Tiga spesies baru yang baru dideskripsikan antara lain sikatan kadayang (Cyornis kadayangensis), kacamata meratus (Zosterops meratusensis), dan burungbuah satin (Melanocharis citreola). Sikatan kadayang dan Kacamata Meratus merupakan dua spesies burung yang tersebar sangat terbatas di Pulau Kalimantan. Keduanya diperkirakan hanya hadir di Pegunungan Meratus di atas ketinggian 1.000 mdpl yang saat ini dikelilingi hutan tanaman sekunder atau bentang alam perkebunan pada elevasi yang lebih rendah.

Meskipun keduanya disebutkan hadir cukup melimpah secara lokal, namun kehilangan habitat yang berkelanjutan dan perburuan mengancam populasi mereka di alam. Maka dari itu, para peneliti yang mendeskripsikan kedua spesies tersebut mengusulkan agar keduanya dikategorikan sebagai spesies terancam punah dalam kategori Rentan,” kata Achmad Ridha Junaid.

 

baca juga : Burungbuah Satin, Spesies Baru dari Papua 

Satin Berrypecker atau burungbuah satin. Foto: Borja Milla/Sci News

 

Burungbuah satin merupakan spesies baru dengan persebaran sangat terbatas di Pulau Papua. Burung ini ditemukan dari sebuah ekspedisi ornitologi yang dilaksanakan pada 2014 dan 2017 di Papua Barat. Temuan dari ekspedisi tersebut menunjukkan, burungbuah yang terdapat di Pegunungan Kumawa dan Pegunungan Fakfak memiliki perbedaan morfologi dan genetik dengan spesies burungbuah lainnya yang tersebar di Papua.

Burung tersebut diperkirakan hanya ada pada kedua hutan pegunungan tersebut ditetapkan sebagai spesies tersendiri,” ujarnya.

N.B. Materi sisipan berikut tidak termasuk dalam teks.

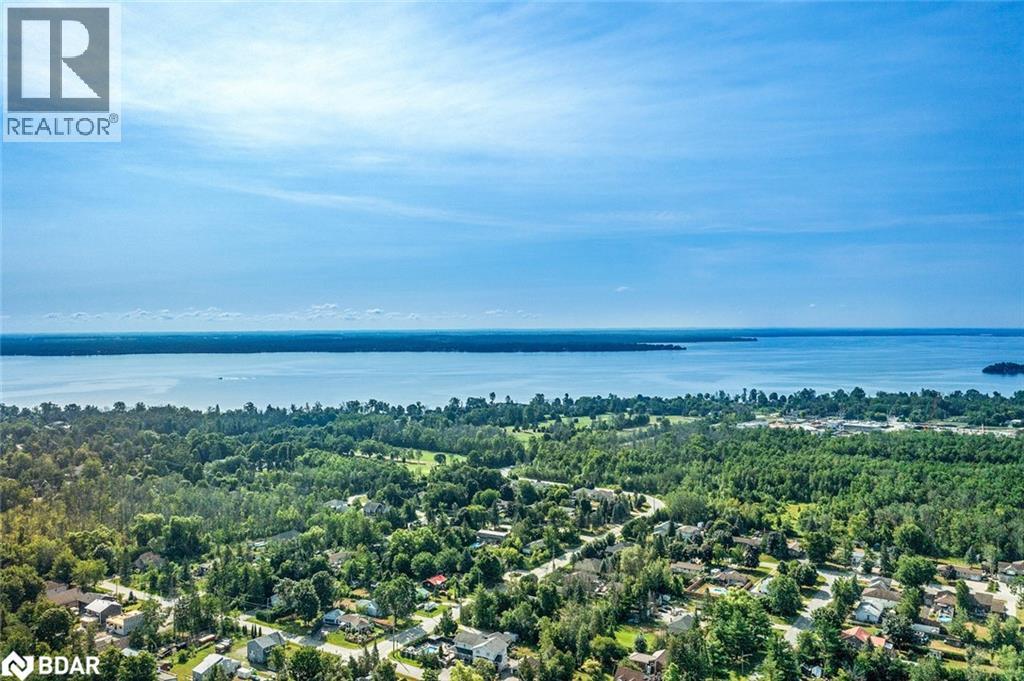 Photo 27 of 939 Clifton Boulevard, Innisfil ON
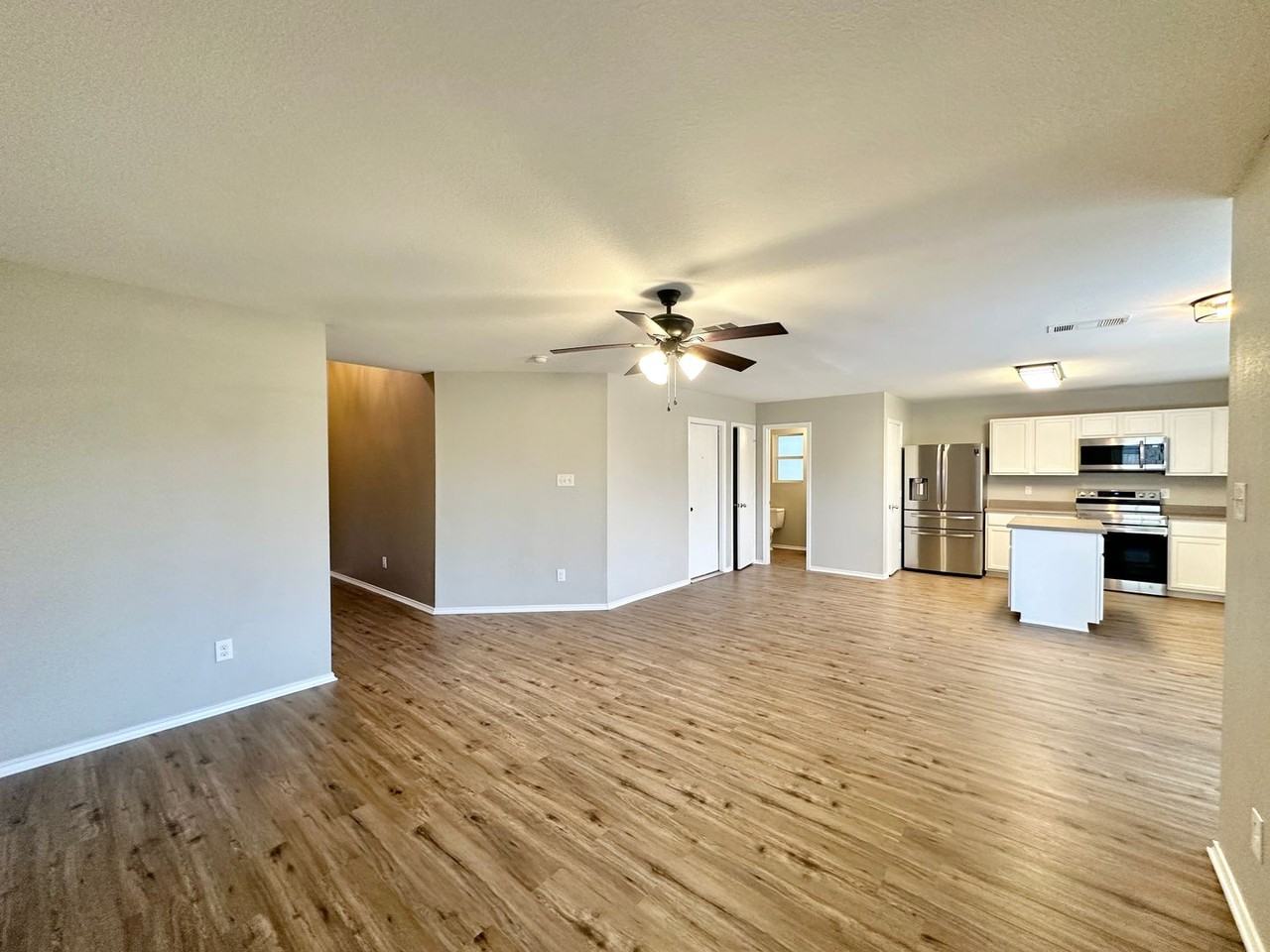 3306 Regency Ct - Photo 6 of 34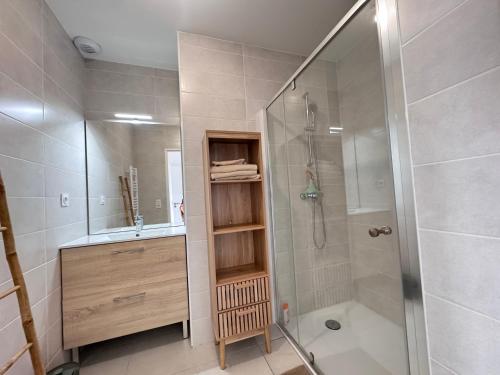 Ένα μπάνιο στο VALBERG CENTRE CŒUR STATION Studio avec mezzanine 4 couchages a deux pas des pistes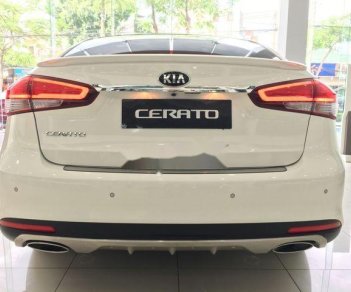Kia Cerato  1.6 AT  2018 - Bán Kia Cerato 1.6 AT đời 2018, màu trắng. LH 0906969445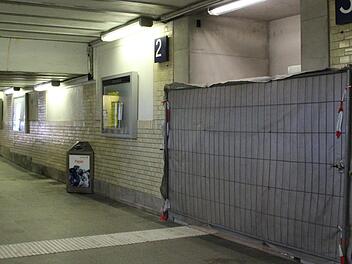 Einer der Kritikpunkte: Die Aufzüge zum ICE-Bahnsteig sind immer noch nicht freigegeben. Foto: Svenja Sollmann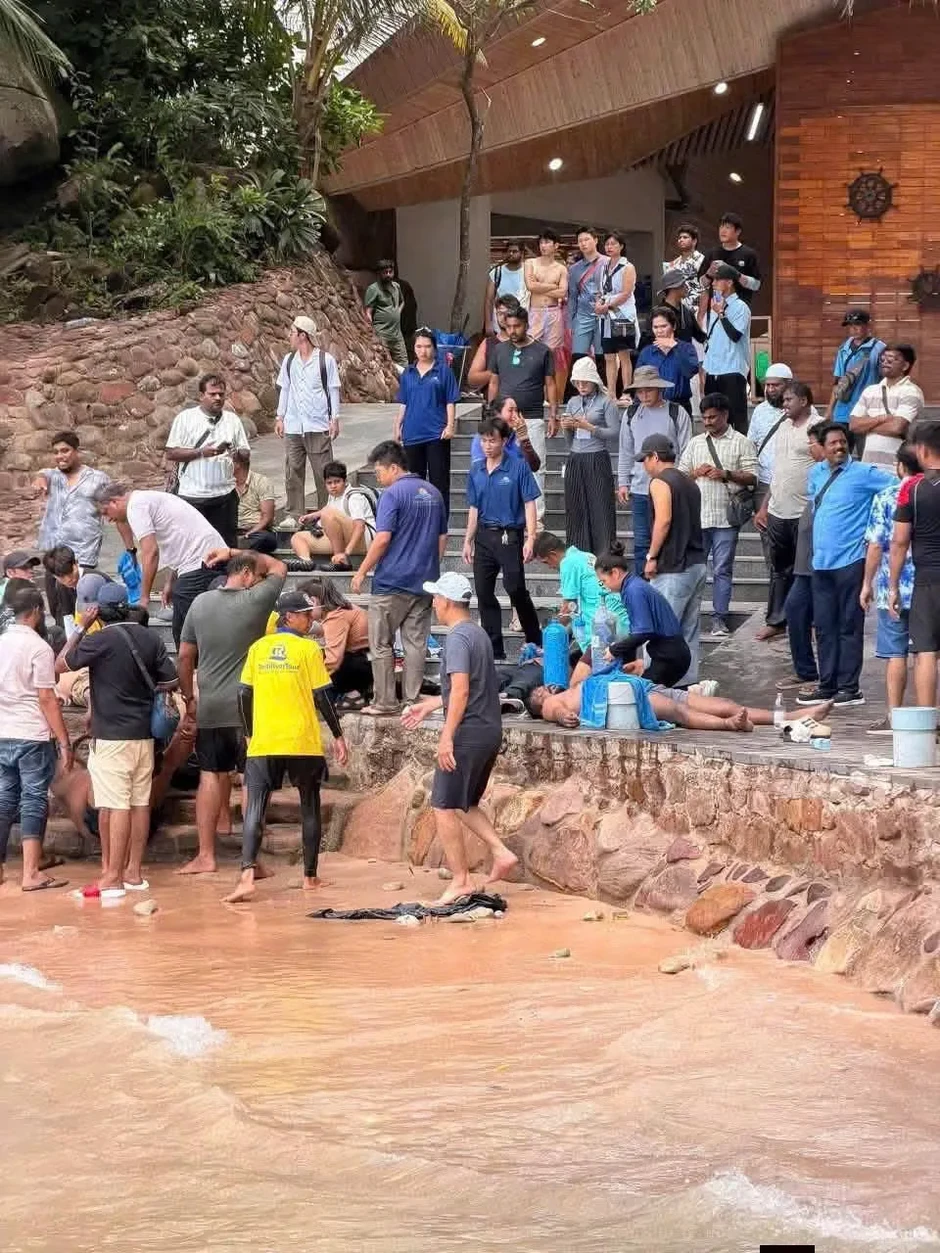 Tích cực triển khai cứu hộ các nạn nhân vụ lật ca nô tại Phú Quốc Tích cực triển khai cứu hộ các nạn nhân vụ lật ca nô tại Phú Quốc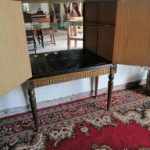 Lote: 157 - Lote: 157 - Aparador cristalero Oriental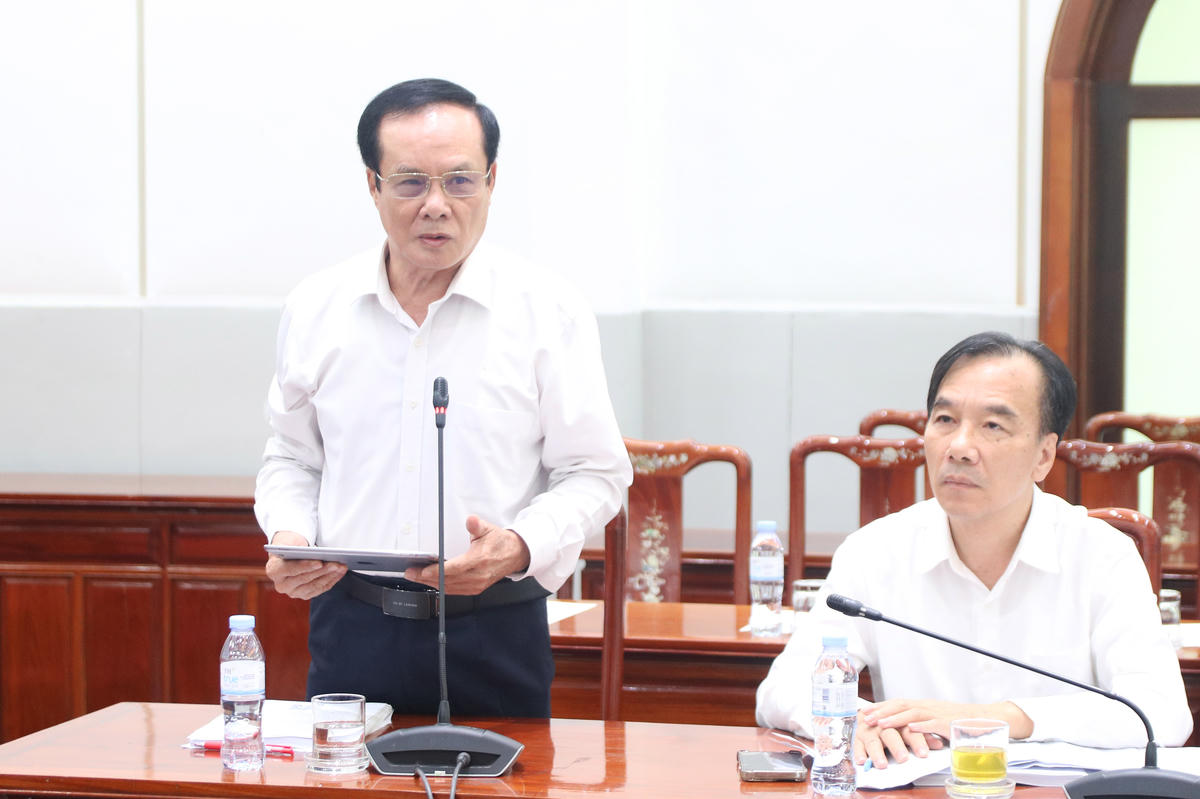 PGS.TS Lê Bá Trình - Ủy viên Đoàn Chủ tịch, nguyên Phó Chủ tịch Ủy ban Trung ương MTTQ Việt Nam phát biểu tại Hội thảo.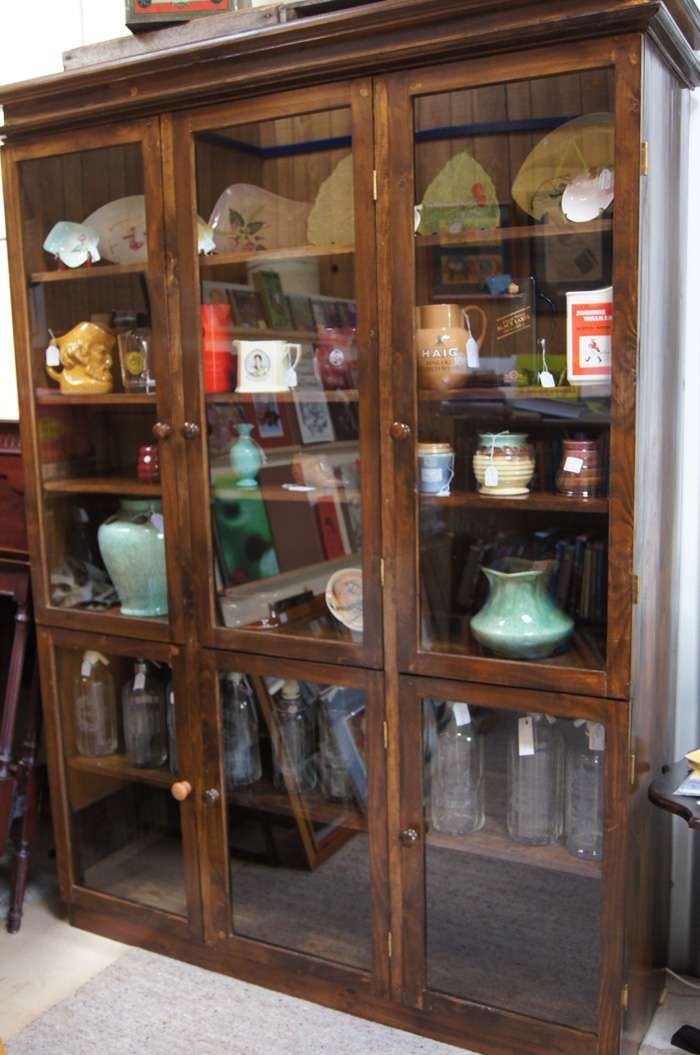 Antiques Bottles Collectables shop | home goods store | 144 High St, Avoca VIC 3467, Australia | 0354653887 OR +61 3 5465 3887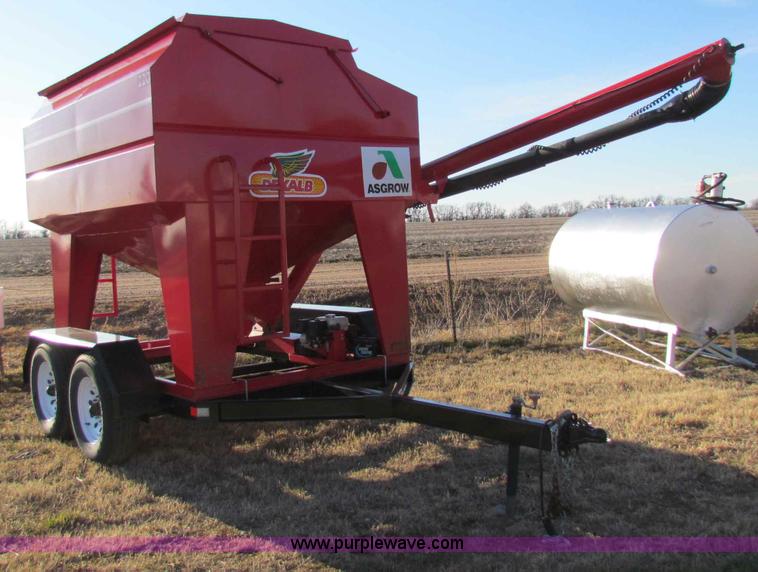 image for item I9643 2006 Minden Patriot 220 seed tender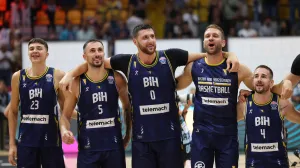 Slavlje košarkaša BiH nakon pobjede protiv Grčke/Foto: 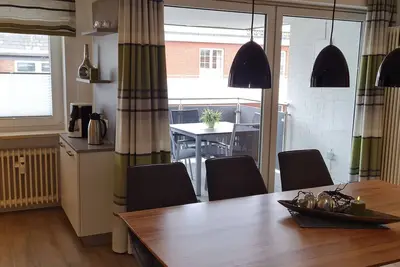 Image de Spacious 3-room vacation apartment with balcony in the city center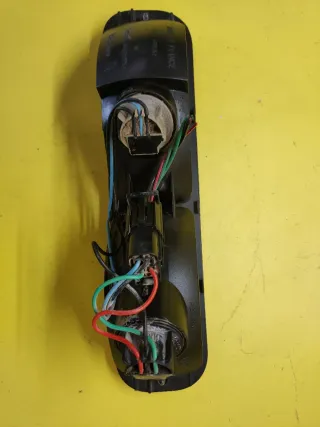 PILOTO TRASERO DERECHO LAND ROVER FREELANDER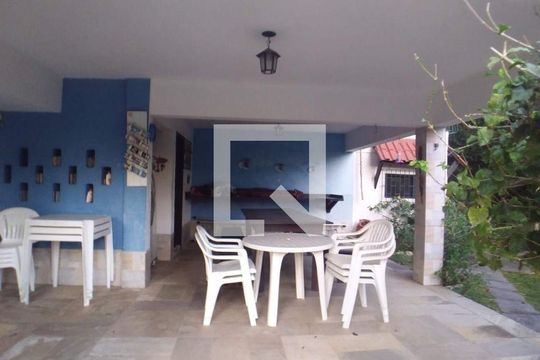 Casa à venda com 5 quartos, 300m² em Itaipu, Niterói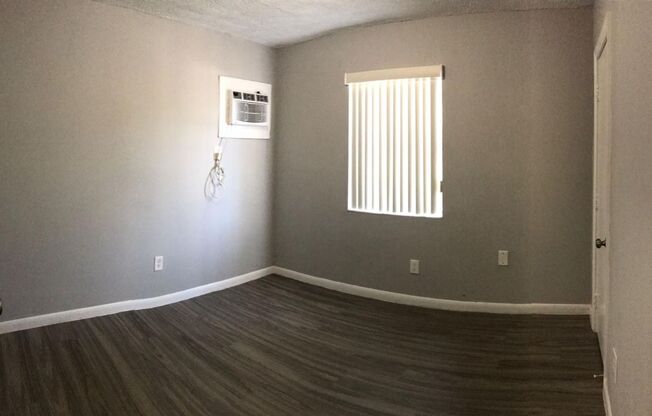 2 beds, 1 bath, 750 sqft, $1,800, Unit 5200-4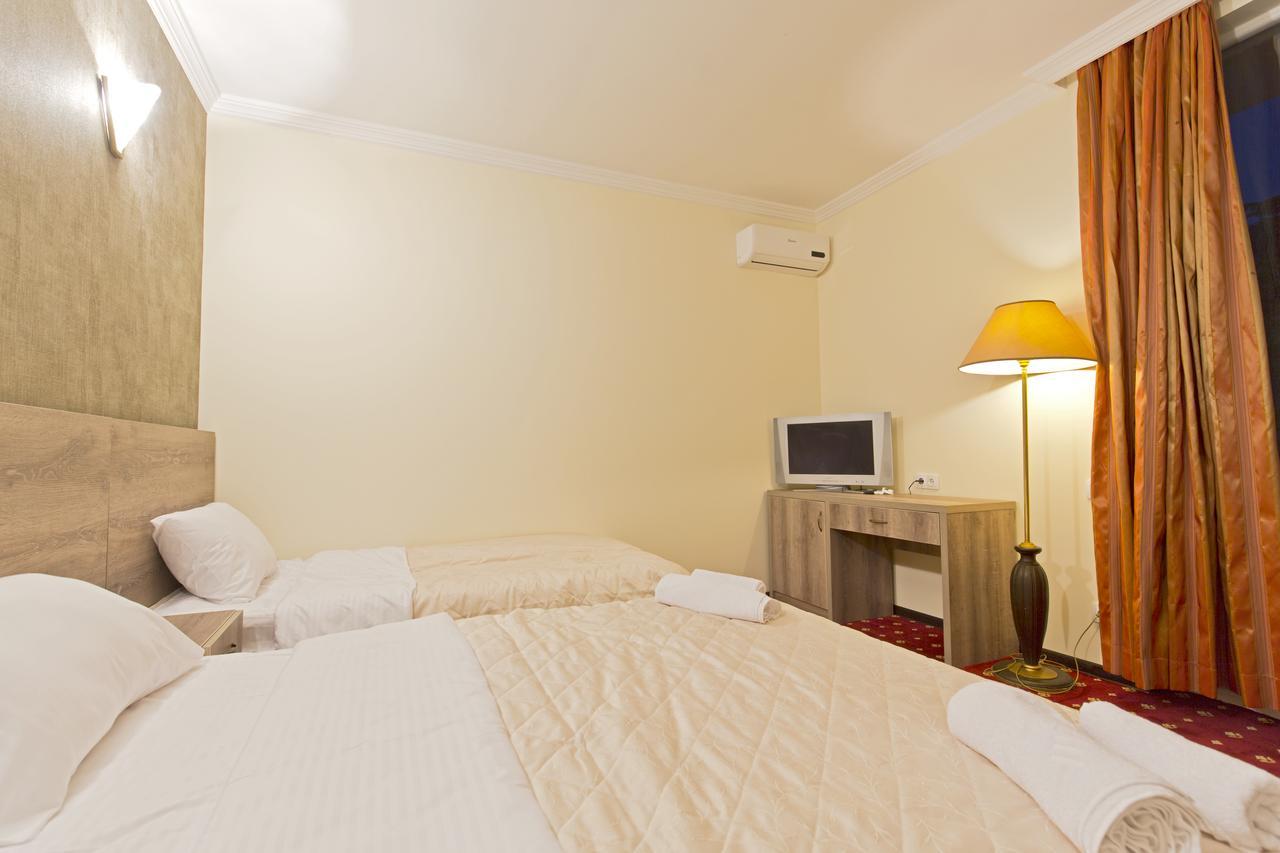 Orange Hotel Gonio Extérieur photo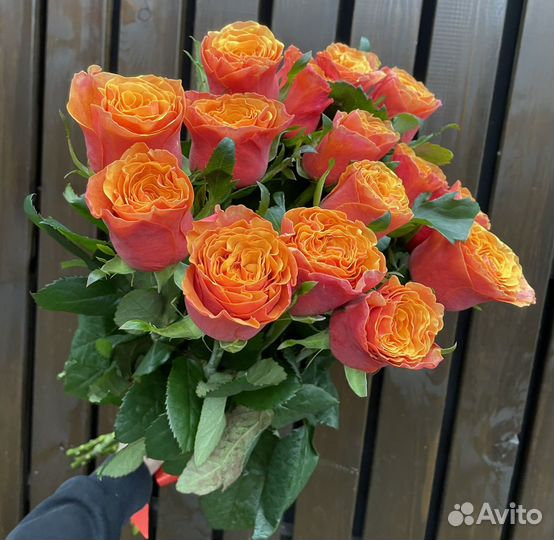 Букет роз, пионы, ромашки, хризантема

Sementara itu, penambahan dua spesies baru adalah kancilan ekor-hitam (Pachycephala melanura) dan tepus-permata mahkota (Ptilorrhoa geislerorum). Kedua burung ini memiliki persebaran utama di luar batas Indonesia, namun dari catatan hasil pengamatan terbaru membuktikan bahwa keduanya juga tersebar di tanah air.

Kancilan ekor-hitam memiliki persebaran utama di Australia dan Papua Nugini, kehadirannya di Indonesia terkonfirmasi melalui catatan pengamatan yang dikumpulkan melalui platform Sains Warga (e-Bird) dengan lokasi pengamatan berada di wilayah Pulau Komolom, Papua Barat. Sedangkan untuk tepus-permata mahkota sebelumnya diketahui tersebar terbatas di wilayah Papua Nugini, ternyata tersebar juga sekitar 900 km lebih jauh ke arah barat yaitu di Pulau Yapen, Papua.

Populasi tepus-permata mahkota di Pulau Yapen diperkirakan terisolasi dari populasi lainnya, sehingga perlu ada penelitian lebih lanjut untuk memastikan kemungkinan divergensi populasinya sebagai subspesies baru tersendiri,” ujarnya.

perlu dibaca : Atlas Burung Indonesia, Buah Keresahan Melihat Nasib Burung di Alam 

 

Kakatua sumba (Cacatua sulpurea citrinocristata) merupakan satu dari tiga spesies yang menambah dalam daftar spesies burung di Indonesia tahun 2022 setelah mendapatkan predikat sebagai spesies penuh. Foto: Burung Indonesia.

 

Adanya revisi pada taksonomi burung, khususnya pemecahan taksonomi, juga turut andil dalam penambahan jumlah spesies burung di Indonesia pada tahun ini. Kangkok ranting (Cuculus optatus), sikatan tanajampea (Cyornis djampeanus), dan kakatua sumba (Cacatua sulpurea citrinocristata) merupakan tiga spesies yang menambah dalam daftar spesies burung di Indonesia tahun ini setelah mendapatkan predikat sebagai spesies penuh.

Kangkok ranting dan sikatan tanajampea mendapatkan predikat spesies setelah adanya informasi baru yang membuktikan jika kedua taksa tersebut memiliki perbedaan karakteristik morfologi dan vokalisasi dengan taksa kangkok himalaya (Cuculus saturatus) dan sikatan bakau (Cyornis rufigastra) yang berkerabat dekat. Sementara itu, perbedaan karakteristik morfologi menjadi landasan utama pemecahan spesies kakatua sumba dari kakatua-kecil jambul-kuning (Cacatua sulpurea).

Ukuran paruh yang lebih besar, sayap dan ekor yang lebih panjang, bulu penutup telinga yang sebagian besar berwarna jingga pucat, dan jambul panjang berwarna jingga. Kemudian, paruh individu remaja kakatua Sumba lebih gelap dibanding remaja taksa kakatua-kecil jambul-kuning lainnya, sehingga memperkuat dasar pemecahan kakatua sumba sebagai spesies tersendiri,” tambahnya.